Aansluitend bezochten we de groentetuin van een van de leden van KEPK, die al jarenlang lid is. Ze vertelde hoe ze met een kleine groentetuin was begonnen en nu dankzij adviezen van de landbouwdeskundige nieuwe technieken heeft leren toepassen om de productie te vergroten.
Vandaar reden we naar ICEDNO in La Reserve, eveens voor het bespreken van financiële verslagen van huizenbouw (een eerste groep van 10 huizen en een tweede groep van 8 huizen). We spraken met comité leden en diverse gezinnen.
Toen konden we de paar uur lange rit naar Jean Rabel weer aanvangen, om ’s avonds eindelijk een maaltijd te nuttigen aldaar. In mist en kou (voor hier) kwamen we half negen ’s avonds aan in Dos d’Ane, bij collega Anouce. Onze collega’s Elondieu en Steven waren daar ook en lagen al diep onder de wol om op te warmen. Zelfs Anouce zegt dat hij het water ‘enkel groet’, oftewel ze vinden het te koud om te douchen.
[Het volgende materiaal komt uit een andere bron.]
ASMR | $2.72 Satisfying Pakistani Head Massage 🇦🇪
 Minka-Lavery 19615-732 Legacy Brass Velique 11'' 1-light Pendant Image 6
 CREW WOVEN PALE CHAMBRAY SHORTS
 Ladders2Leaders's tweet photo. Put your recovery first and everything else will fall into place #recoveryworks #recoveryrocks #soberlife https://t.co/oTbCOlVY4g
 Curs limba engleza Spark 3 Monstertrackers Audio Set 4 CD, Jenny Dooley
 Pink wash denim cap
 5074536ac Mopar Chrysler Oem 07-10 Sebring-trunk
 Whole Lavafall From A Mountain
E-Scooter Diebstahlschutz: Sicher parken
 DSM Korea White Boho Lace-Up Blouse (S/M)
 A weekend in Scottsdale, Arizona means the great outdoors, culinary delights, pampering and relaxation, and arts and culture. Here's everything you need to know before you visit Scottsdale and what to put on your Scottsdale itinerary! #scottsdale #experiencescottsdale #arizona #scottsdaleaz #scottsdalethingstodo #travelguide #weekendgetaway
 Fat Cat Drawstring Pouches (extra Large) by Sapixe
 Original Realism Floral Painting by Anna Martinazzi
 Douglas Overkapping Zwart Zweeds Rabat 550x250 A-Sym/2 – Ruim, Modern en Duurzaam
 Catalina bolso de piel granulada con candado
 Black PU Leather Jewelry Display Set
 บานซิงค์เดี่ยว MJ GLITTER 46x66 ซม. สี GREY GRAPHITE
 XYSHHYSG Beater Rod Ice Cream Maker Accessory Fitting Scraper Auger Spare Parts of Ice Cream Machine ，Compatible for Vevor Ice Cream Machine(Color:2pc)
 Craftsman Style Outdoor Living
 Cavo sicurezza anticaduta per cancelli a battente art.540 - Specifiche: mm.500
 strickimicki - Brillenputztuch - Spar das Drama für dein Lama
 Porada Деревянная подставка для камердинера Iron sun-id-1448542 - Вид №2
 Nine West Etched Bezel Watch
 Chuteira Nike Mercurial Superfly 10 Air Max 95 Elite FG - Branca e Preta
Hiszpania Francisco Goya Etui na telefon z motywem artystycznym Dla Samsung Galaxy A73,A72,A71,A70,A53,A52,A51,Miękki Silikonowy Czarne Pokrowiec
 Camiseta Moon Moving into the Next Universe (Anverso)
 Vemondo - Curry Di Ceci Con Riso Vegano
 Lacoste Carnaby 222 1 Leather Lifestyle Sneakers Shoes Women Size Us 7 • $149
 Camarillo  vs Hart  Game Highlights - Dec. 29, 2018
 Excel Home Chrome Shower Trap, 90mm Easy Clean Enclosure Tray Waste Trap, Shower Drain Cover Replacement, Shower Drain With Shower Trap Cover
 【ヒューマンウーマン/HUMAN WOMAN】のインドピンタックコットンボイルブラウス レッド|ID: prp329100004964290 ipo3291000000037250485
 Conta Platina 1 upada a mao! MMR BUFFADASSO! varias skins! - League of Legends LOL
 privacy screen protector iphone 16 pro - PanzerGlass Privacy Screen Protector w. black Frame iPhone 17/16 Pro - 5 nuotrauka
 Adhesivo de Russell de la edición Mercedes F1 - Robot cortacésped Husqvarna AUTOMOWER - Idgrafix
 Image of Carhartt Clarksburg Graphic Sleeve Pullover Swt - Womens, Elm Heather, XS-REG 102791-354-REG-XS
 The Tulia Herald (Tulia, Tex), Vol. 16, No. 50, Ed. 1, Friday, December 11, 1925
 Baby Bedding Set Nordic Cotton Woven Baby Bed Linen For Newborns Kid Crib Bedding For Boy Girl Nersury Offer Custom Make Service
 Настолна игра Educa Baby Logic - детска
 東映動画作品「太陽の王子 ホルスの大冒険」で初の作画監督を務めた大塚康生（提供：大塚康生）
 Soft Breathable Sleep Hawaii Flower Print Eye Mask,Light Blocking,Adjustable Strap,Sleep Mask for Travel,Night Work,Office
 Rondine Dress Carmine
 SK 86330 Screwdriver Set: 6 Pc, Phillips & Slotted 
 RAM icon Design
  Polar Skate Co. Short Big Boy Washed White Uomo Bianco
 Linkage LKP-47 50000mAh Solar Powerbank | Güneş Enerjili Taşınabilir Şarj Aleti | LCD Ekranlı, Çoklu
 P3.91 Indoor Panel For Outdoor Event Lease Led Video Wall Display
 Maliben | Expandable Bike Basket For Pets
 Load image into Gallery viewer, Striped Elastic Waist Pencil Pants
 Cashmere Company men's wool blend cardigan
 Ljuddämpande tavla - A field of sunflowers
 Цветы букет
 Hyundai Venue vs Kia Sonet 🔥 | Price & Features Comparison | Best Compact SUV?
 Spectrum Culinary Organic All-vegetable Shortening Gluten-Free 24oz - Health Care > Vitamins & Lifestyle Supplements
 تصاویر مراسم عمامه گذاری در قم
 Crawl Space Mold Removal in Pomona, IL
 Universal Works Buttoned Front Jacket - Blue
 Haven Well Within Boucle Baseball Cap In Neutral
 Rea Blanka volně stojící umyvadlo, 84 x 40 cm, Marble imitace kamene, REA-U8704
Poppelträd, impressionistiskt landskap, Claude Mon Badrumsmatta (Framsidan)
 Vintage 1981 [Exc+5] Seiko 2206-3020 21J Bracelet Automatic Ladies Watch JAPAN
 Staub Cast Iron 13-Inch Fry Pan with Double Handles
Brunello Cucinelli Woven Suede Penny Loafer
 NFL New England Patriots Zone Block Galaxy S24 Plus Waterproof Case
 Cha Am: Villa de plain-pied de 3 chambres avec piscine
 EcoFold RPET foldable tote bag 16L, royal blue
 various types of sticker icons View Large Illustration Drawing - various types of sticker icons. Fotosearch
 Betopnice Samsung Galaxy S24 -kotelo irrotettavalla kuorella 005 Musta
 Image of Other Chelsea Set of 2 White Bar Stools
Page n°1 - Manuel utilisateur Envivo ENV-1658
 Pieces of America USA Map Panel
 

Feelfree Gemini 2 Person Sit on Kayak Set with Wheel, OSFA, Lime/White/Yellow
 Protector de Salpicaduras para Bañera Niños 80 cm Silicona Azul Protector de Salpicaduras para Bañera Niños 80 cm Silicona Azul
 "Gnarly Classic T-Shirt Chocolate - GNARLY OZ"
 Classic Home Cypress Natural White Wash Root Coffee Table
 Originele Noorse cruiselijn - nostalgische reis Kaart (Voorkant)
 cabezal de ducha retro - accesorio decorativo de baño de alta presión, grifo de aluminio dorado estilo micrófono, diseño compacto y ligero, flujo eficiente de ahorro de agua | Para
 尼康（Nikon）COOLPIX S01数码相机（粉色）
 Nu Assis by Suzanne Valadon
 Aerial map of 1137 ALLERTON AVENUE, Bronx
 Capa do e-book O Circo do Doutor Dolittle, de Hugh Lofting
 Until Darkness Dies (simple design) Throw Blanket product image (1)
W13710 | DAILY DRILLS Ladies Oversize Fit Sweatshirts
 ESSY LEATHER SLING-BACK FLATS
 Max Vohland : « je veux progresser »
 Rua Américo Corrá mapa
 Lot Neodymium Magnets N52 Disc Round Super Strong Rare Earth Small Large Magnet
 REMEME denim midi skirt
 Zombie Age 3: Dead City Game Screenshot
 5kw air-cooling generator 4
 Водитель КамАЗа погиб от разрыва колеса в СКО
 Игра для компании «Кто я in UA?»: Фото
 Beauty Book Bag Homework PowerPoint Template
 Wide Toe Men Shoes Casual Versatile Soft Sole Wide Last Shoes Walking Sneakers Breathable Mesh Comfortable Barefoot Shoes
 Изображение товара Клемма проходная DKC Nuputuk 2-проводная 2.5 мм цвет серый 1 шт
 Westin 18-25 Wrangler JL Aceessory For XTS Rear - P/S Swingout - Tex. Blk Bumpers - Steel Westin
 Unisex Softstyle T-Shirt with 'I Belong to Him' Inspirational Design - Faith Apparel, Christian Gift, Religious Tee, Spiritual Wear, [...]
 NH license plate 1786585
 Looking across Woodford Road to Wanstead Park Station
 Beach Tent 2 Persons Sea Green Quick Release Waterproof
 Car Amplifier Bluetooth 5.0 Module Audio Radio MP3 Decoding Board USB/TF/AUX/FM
Ik ben echter gewend aan temperaturen van Kenscoff, die nog lager zijn dan in Dos d’Ane.
Ook die nacht bleef het regenen. Het water tikte op het golfplaten dak. ’s Ochtends hadden we een afspraak op het kantoor van GRADAID in Mare Rouge. Wegens de regen was nog niet alle staf er. We verdeelden de taken. Patrick besprak een financieel verslag van 10 huizen met ze. Ik nam hun verslag over bodembescherming en verminderen van risico’s van rampen met ze door. Rony deed een financiële controle van het financiële verslag daarvan.
Deze dag hadden we zowaar de gelegenheid om tussen de middag te eten in het restaurant in Mare Rouge. Daar kwamen we ook Elondieu en Steven weer tegen. Met z’n allen reden we vervolgens naar corporatie KED in Dupre, waar Anouce ons al opwachtte. KED heeft een plan ingediend voor de bouw van een waterreservoir verbonden aan een aantal kranen in de omgeving. Dat plan bespraken we met ze. De cijfers lijken soms uit de lucht gegrepen en het budget is op een onverklaarbare manier samengesteld, dus daar moet nog het een en ander verduidelijkt worden. De kwaliteit van het water dat ze drinken is slecht, daarom willen ze graag iets doen om beter water beschikbaar te stellen voor de inwoners.
Het is ook de bedoeling dat KED binnenkort leningen gaat verstrekken om jeugd in staat te stellen een beroepsopleiding te volgen, dus spraken we eveneens over het beleid en de uitvoering daarvan.
Die avond sliepen we opnieuw in Dos d’Ane. Vrijdagochtend vroeg vertrokken we naar corporatie KOEB in Baie-de-Henne. Rony ging op pad met landbouwers om hun gewassen te bekijken en met ze in gesprek te gaan over de steun en adviezen die ze krijgen van de landbouwdeskundige en via de corporatie. Patrick en ik waren intussen in gesprek met het comité om het financiële verslag van de bouw van 4 huizen te bespreken en ook een plan dat KOEB heeft ingediend voor herbebossing en bodembescherming. Maar ook hier moeten aanvullende vragen beantwoord worden om de cijfers correct te krijgen en er min of meer van op aan te kunnen dat het plan goed uitgevoerd wordt. Hoewel de meeste corporaties actief zijn op landbouwgebied, ontbreekt het ze aan capaciteiten op administratief en organisatorisch gebied. Onze collega Anouce is op dat vlak veel met ze aan het werk.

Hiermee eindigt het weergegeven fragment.